The DSA unequivocally allows end users to directly report content to platforms (Article 16) without involving trusted flaggers. They also retain the right to lodge complaints against platforms (Article 53) and seek compensation for damages (Article 54). It remains to be seen whether the expedited processing offered through trusted flaggers will incentivize end users to use them over direct reporting. Conversely, it’s unclear to what extent applicant entities will be obligated to create robust mechanisms for processing end-user reports within their area of expertise as part of the due diligence requirements.

Trusted flaggers might uncover platform violations while reviewing illegal content reports, just like any online service user.

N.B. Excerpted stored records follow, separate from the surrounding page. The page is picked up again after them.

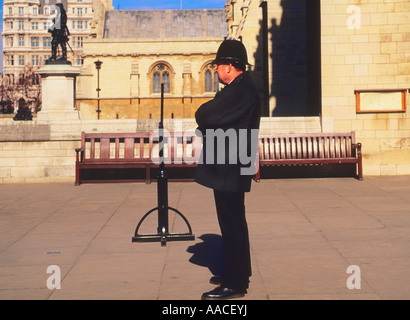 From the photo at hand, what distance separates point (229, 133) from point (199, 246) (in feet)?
6.87

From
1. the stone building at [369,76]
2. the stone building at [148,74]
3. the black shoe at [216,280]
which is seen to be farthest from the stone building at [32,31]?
the black shoe at [216,280]

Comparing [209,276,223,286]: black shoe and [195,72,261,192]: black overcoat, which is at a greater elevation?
[195,72,261,192]: black overcoat

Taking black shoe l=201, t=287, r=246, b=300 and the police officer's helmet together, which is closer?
black shoe l=201, t=287, r=246, b=300

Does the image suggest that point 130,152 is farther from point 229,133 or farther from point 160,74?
point 160,74

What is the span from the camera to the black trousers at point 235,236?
4.47 meters

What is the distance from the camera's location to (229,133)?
4426 mm

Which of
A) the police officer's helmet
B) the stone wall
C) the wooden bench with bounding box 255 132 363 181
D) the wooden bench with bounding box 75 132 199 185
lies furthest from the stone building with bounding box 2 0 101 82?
the police officer's helmet

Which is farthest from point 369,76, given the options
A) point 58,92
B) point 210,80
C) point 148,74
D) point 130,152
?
point 210,80

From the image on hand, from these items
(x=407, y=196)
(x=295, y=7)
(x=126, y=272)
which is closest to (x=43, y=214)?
(x=126, y=272)

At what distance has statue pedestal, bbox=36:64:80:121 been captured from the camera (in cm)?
1438

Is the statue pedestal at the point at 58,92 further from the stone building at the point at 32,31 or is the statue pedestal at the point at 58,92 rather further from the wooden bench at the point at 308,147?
the stone building at the point at 32,31

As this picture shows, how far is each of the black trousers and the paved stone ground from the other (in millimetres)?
206

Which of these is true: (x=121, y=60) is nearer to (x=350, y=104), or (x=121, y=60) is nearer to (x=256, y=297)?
(x=350, y=104)

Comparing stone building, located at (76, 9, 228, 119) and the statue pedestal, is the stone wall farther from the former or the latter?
stone building, located at (76, 9, 228, 119) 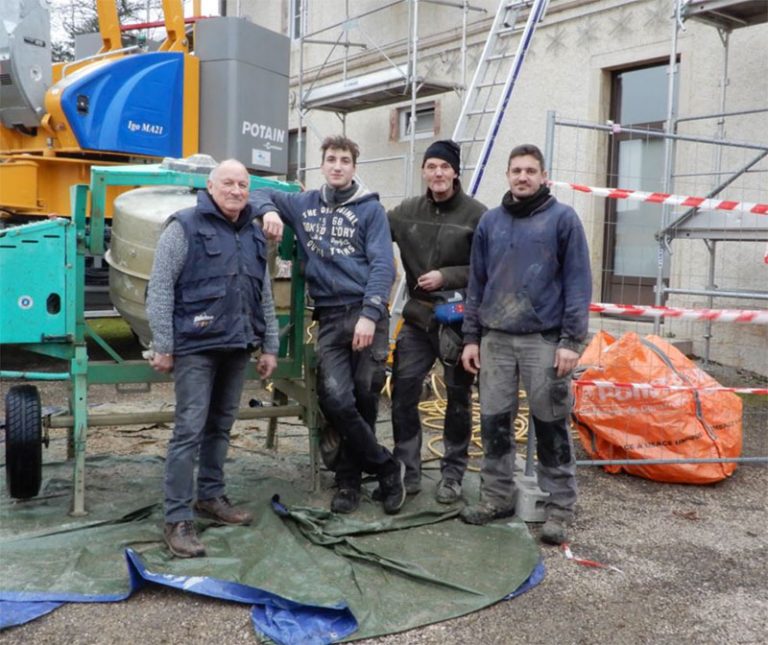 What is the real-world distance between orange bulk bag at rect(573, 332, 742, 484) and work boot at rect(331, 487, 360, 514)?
5.17ft

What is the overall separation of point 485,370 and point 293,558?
132 centimetres

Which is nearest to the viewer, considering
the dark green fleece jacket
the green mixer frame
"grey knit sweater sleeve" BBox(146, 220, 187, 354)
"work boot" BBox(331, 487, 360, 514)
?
"grey knit sweater sleeve" BBox(146, 220, 187, 354)

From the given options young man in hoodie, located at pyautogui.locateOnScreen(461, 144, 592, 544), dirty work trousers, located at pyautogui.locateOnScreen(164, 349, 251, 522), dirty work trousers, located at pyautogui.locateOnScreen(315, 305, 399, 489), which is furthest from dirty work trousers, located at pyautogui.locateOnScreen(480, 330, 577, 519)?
dirty work trousers, located at pyautogui.locateOnScreen(164, 349, 251, 522)

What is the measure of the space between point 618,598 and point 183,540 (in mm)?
1835

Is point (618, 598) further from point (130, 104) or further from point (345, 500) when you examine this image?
point (130, 104)

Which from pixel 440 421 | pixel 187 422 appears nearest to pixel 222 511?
pixel 187 422

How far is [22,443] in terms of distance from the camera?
3.89m

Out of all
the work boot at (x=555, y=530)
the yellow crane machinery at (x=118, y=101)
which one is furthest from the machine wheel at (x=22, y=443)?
the yellow crane machinery at (x=118, y=101)

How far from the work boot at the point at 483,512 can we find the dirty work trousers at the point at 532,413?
0.03 meters

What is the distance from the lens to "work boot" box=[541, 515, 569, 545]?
3.83 metres

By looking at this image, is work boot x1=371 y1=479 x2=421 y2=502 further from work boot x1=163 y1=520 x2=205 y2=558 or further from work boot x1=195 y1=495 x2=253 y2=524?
work boot x1=163 y1=520 x2=205 y2=558

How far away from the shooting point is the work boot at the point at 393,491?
13.5 ft

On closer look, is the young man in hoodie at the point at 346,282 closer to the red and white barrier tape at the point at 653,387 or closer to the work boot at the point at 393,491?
the work boot at the point at 393,491

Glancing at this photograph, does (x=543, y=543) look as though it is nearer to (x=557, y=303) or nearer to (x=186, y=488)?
(x=557, y=303) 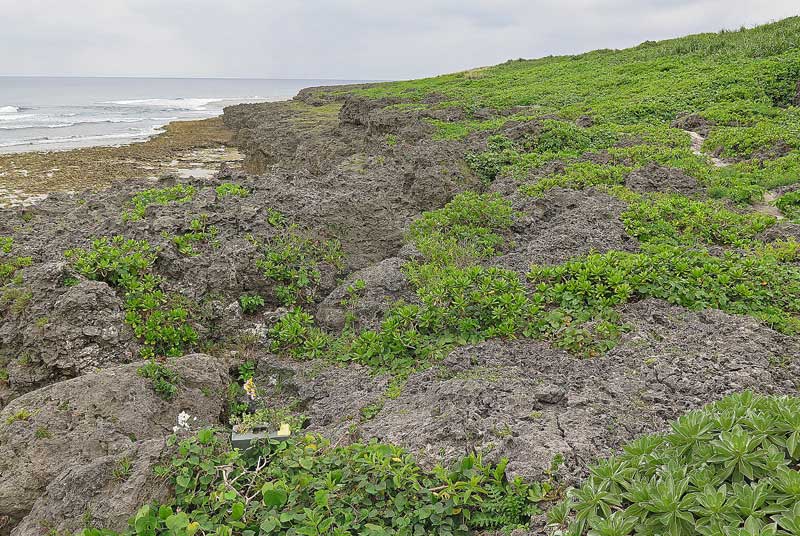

In such instances, Article 53 grants them the right to file a complaint with the relevant DSC, a right they share with end users. If “priority” is the cornerstone of the trusted flagger status when reporting illegal content to platforms, the question arises whether they should receive similar priority when reporting platform violations to DSCs. This raises another question: should trusted flaggers be empowered to lodge complaints with DSCs on behalf of end users, particularly concerning platform abuses like shadow banning?

The role of trusted flaggers vis-à-vis other reporters

The DSA requires online platforms to implement “easy to access and user-friendly” notice and action mechanisms (Article 16) and establish internal complaint-handling systems for service users (Article 20). However, these provisions apply universally, without distinguishing between trusted flaggers and other users. Despite the priority given to their notices under Article 22, the DSA doesn’t define the extent of this prioritization compared to notices from other trusted reporters with whom platforms have existing agreements.

Guidance is needed on the degree of precedence platforms should give trusted flaggers’ notices over other trusted reporters’ and whether the nature of the content affects this precedence. From the trusted flaggers’ standpoint, there should be a tangible incentive for taking on this role with its inherent obligations.

5 Concluding remarks

While the concept of trusted flaggers in addressing illegal online content isn’t new, the DSA introduces novel responsibilities for DSCs. This redistribution of responsibilities aims to harmonize best practices across the EU and enhance online user protection. However, addressing open questions like those outlined above is crucial for the effectiveness of the trusted flagger mechanism in ensuring swift action against harmful and illegal online content. The forthcoming Commission guidelines under Article 22(8) DSA are expected to provide clarity on these issues. Otherwise, the lack of certainty regarding the actual benefits might discourage potential applicants from taking on the role of a trusted flagger.